Delacorte’s finding changed the picture completely. It also created new complications.
“Okay,” said Davis, “so we have a door that came open in flight. Could that have caused the crash?”
“This was my first thought as well, but I do not think it fits. True, the wing was damaged, but not in a way that would affect aerodynamic performance. This aircraft has no leading edge flaps on the wing, which would be prone to causing instability if damaged. The tail is a more critical surface, however, I see no damage there that correlates to door separation.”
“The engine?”
“Yes, I considered this also. The outer cowling was dented, impact damage from the door, I would say. This led me to examine the engine, both the fan and turbine. I found no acute rotational damage — only the graduated distortions one would expect from an impact with the forest.”

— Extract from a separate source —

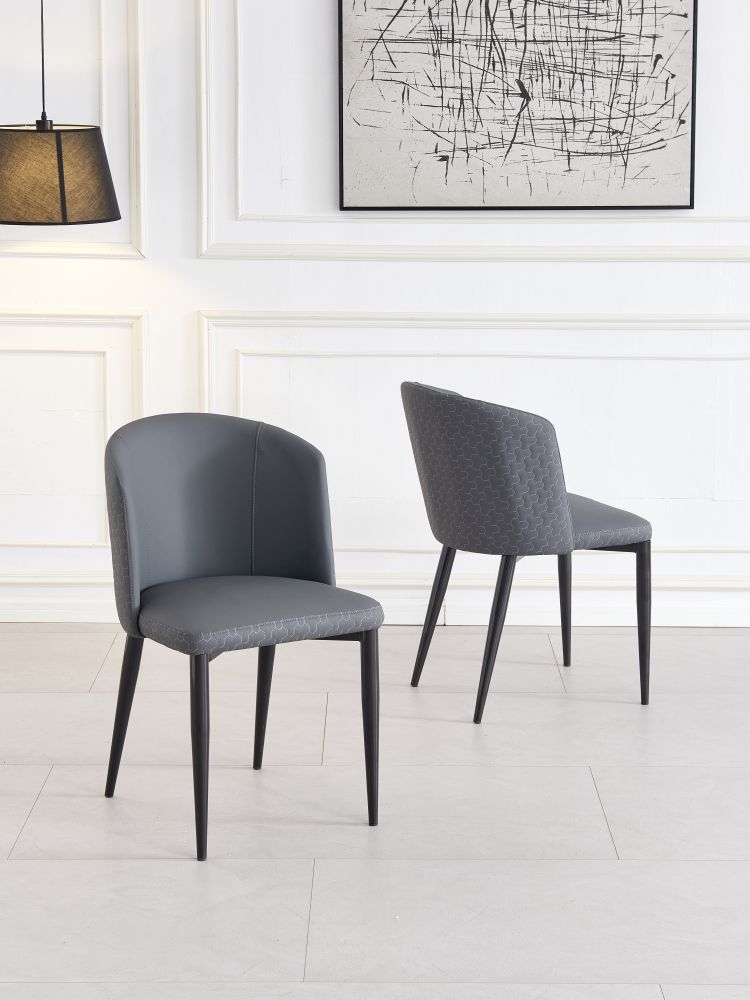 Product photograph of Deco Dark Grey Faux Leather High Back Dining Chair With Black Legs from Choice Furniture Superstore.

Delacorte allowed a moment for Davis to digest it all.
“Of course,” he continued, “this is all no more than one engineer’s opinion. With time, everything can be verified by way of laboratory inspections.”
Davis shook his head. “That would be fine if we had time, but in my opinion you’ve already passed the most critical test — it makes perfect sense.”
“What do you take from it? You realize what must happen for this door to be opened in flight.”
Davis did know. Over the years there had been regular occurrences, often sensationalized in the media, of mentally unbalanced individuals trying to open aircraft exit doors in flight. What on the surface appears dramatic and threatening, however, is in fact a non-event. Passenger aircraft are pressurized to counter the thin air at high altitude, and among manufacturers the design specifications are more or less universal, the differential pressure being roughly eight pounds per square inch at service altitude. Simply put, a cabin door six feet high and three feet wide is held in place during cruise flight by an effective force of over twenty thousand pounds. Davis and his entire rugby team would never budge a fully pressurized door.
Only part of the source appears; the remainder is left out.